Even the most disciplined company can find itself challenged by expense management, particularly with the complexity of adding multiple locations, expanding its employee base or investing in substantial upfront development or in manufacturing setup costs. Businesses that aggressively manage indirect and services spend can realize significant savings on a large portion of their variable monthly expenses. Organizations that continuously evaluate every process and interaction can achieve greater efficiency and lower costs. A number of tools support this elimination of waste culture.
Turn-key banking products that help Manage Expenses
Your bank can help you manage expenses through the use of commercial credit cards, purchasing cards, and integrated spending platforms, all of which control, amalgamate and streamline company-wide expenses while reducing costs and uncovering opportunities to improve efficiency and savings.
- Spend optimization creates a culture around expense management with a focus on cost efficiency and accountability across the business. This may include elevating the procurement department to a strategic position in the company structure, which allows the team to creatively consolidate procurement efforts, collapsing and aggregating purchasing across business lines and/or facilities.

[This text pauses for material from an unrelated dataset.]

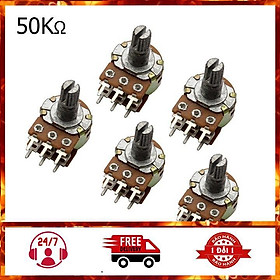 Mua Bộ 5 biến trở Volum  triết áp Đôi 50K ( 6 Chân )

- Strategic outsourcing allows your business to stick to core competencies by outsourcing functions that are not directly focused on your bottom line. Advances in cloud and Software-as-a-Service (SaaS) vendor systems now provide more cost-effective solutions to mid-size companies looking to outsource HR, PR, Legal and Payroll functions.
- Procurement outsourcing consolidates procurement processes based on category (IT, HR, Marketing, etc.) and project or outside vendor to realize economies of scale and reduced internal personnel costs
- Improve employee financial literacy to lift the overall business to a more fiscally focused enterprise. Sharing financial information, processes and policies outside the “C-suite” provides more buy in and knowledge. That might include exposing the sales teams to scenario planning around sales margins and revenues levels needed to breakeven. It could involve the facilities management team in capital planning exercises showing that suggested infrastructure improvements will have to wait until cash flow strengthens. A financial education program could link employee-controlled expenses related to service quality, absenteeism and health care costs to the company’s overall finances and profitability.

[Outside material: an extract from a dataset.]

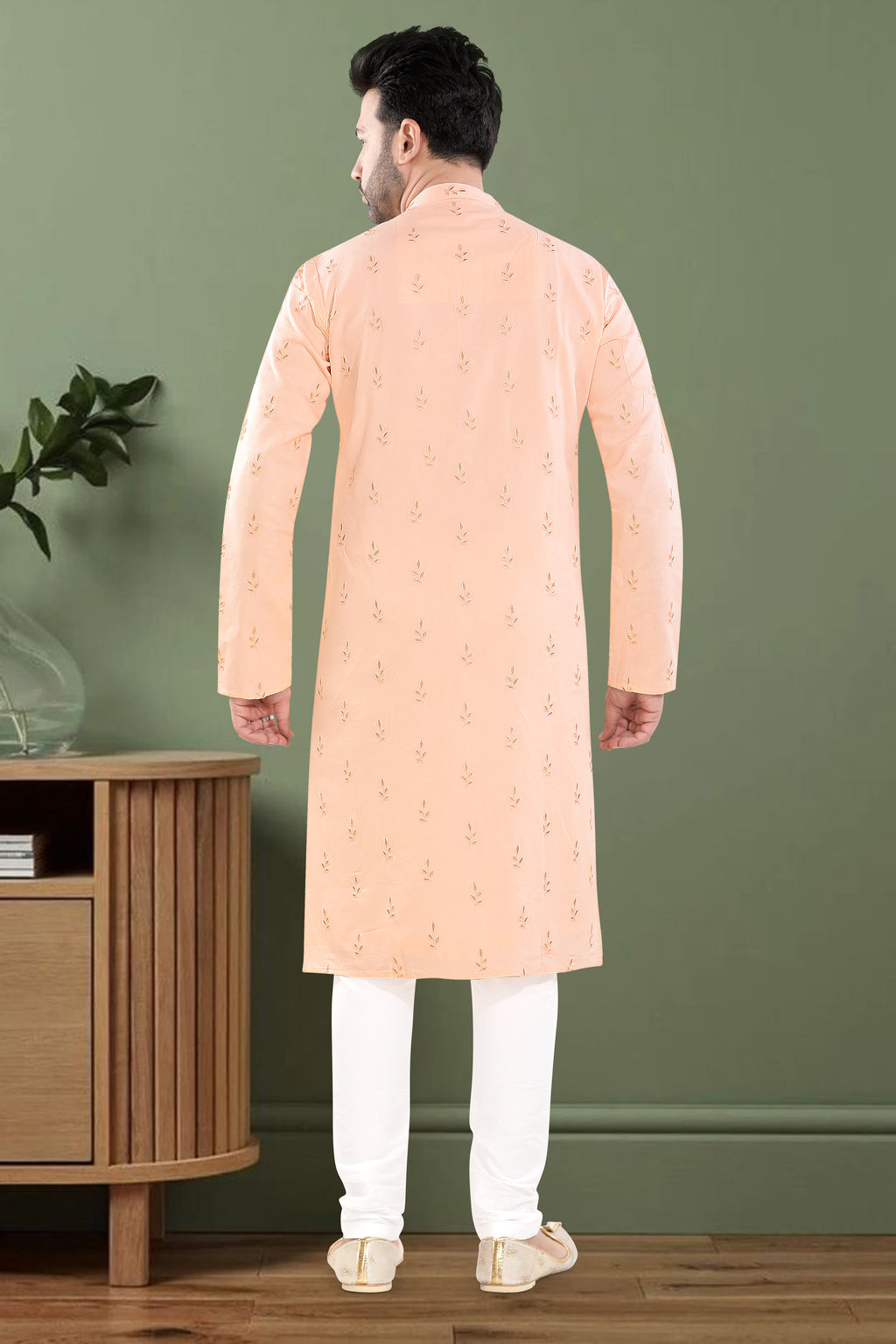 Soft Peach Embroidered Kurta Set(10145)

Make your business stronger with financial management tools
Your financial “resume” and the level of financial management sophistication your company displays bear directly on its value as measured by investors, lenders, appraiser and purchasers. Anyone evaluating your company will want to see your financial systems, understand the accuracy of your projections, assess your leadership’s understanding of the business’s financial drivers and judge their appreciation of business risk. The financial management tools in place at your business will telegraph your level of financial competence to external players, but you will also benefit from having more sophisticated tools that will help you manage your business and put your resources - cash, labor and more - to best use.